I keep not getting it through my head how willing Musk is to baldfacedly lie. Like all the knots I twisted myself into to interpret his characterization of the autonomous delivery in June 2025. I imagined him trying earnestly to spin it in the best possible light and accidentally conflating “no human input” with “unsupervised” (very different things, as I’ve been harping on endlessly). In retrospect it’s at least plausible that that demo was almost as fake as the 2016 video.
And yet.
As I mentioned last week, I rented a self-driving Tesla with the latest hardware and software to see for myself, driving from Portland, Oregon, to Colorado and back. Sure enough, well over 2000 miles (and counting — I’m typing this from the passenger seat as another family member yawns and looks around lazily from the driver’s seat) with zero safety-critical interventions.
It’s really uncanny how human-like it is. A striking example was when it needed to do a U-turn to get back on the freeway after a charging stop. It got its green arrow, started the U-turn, and then another car pulled out from the left and we found ourselves like the north-going Zax and south-going Zax. Just for a split second. Someone needed to yield and with us being halfway through the U-turn it made more sense for the other car to yield. Which it did, waving us on. I don’t know if it saw the other driver’s hand motion but throughout the maneuver the Tesla acted exactly the way I would’ve, down to the micro-motion.
Or when a pedestrian wasn’t yet waiting at a crosswalk but was juuuust close enough that I was unsure myself if it made sense to wait for them, you could feel the car hesitate, basically trying to decide what to do. In that case it decided to just go for it, which was fine, and I was ready to hit the brakes if it had seemed prudent.
Not that it never deviated from what I would’ve done. But pretty close. It even outdid me once. I thought it was glitching out when it seemed to spontaneously put on its blinker and started pulling onto the shoulder of a two-lane road. Turns out there was a truck approaching from behind, straight out of the Mad Max franchise, weaving around cars and crossing the double yellow line to pass people. So, yeah, good call, car. Or shame on me for paying insufficient attention (more on that later).
(And another point for the car later: it spotted and waited for a pedestrian who was waiting to cross but far enough from the curb that I would’ve likely missed them myself.)
It’s almost frustrating how impeccable it’s been. Had there been even a single blatant error, we’d have definitively settled the question of whether this is level-4 capable. But, to re-beat this drum, a couple thousand miles without incident is only weak Bayesian evidence that this car will kill you less often than a human driver would, namely every 100-ish million miles. (Waymos, by contrast, we absolutely know are superhumanly safe, with their 200 million empty-driver’s-seat miles and zero1 fatalities.)

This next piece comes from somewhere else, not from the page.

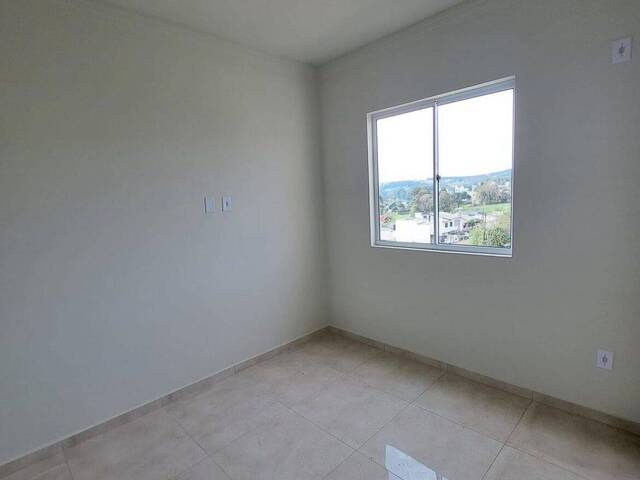 #98 - Apartamento para Venda em Chapecó - SC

Still, seeing is believing, and I absolutely have become more inclined to believe that Tesla really has pulled this off. There seems to be almost nothing it can’t handle. I mentioned pedestrians, aggressively reckless drivers, and polite deferential drivers. Also parking, including parallel parking, merging, waiting for traffic lights, you name it. At four-way stops it seems to expertly intuit the intent of other drivers and confidently signal its own intent, following the turn-taking protocols or adjusting when other drivers violate them. It even handles treacherous mountain gravel roads:
It ever-so-slightly bottomed out once, but no worse than I would’ve. It knew exactly what speed made sense for that barely-a-road.
Traffic circles were also no problem. It did exit one at the wrong place once — presumably a navigation error (more on those below).
We did see one instance of the car freaking out and asking the human to take over, but this was again impeccably correct. It tried to use the wiper fluid while leaving a parking lot (that’s a thing it spontaneously does sometimes) and with sub-freezing temperature and a lot of dead bugs it made a mess of the windshield and suddenly neither we nor it could see. So we hit the brakes, but all indications are that it too was coming to a stop until the windshield situation was sorted. Nor was there any actual danger regardless, at that speed.
Complaints and Quibbles
Ok, enough well-earned praise. I’ve been gushing about how human-like it is, but it takes this too far in some ways. For example, it doesn’t respect a 2-second following distance. There’s not even a setting for that. Putting it in Chill Mode or even Sloth Mode doesn’t help. And putting it in Sloth Mode is the only way to get it to follow the speed limit.2 And even then, the car seems mostly oblivious to speed limit signs, generally going with whatever the map data tells it the speed limit should be. On the plus side, it follows the flow of traffic well.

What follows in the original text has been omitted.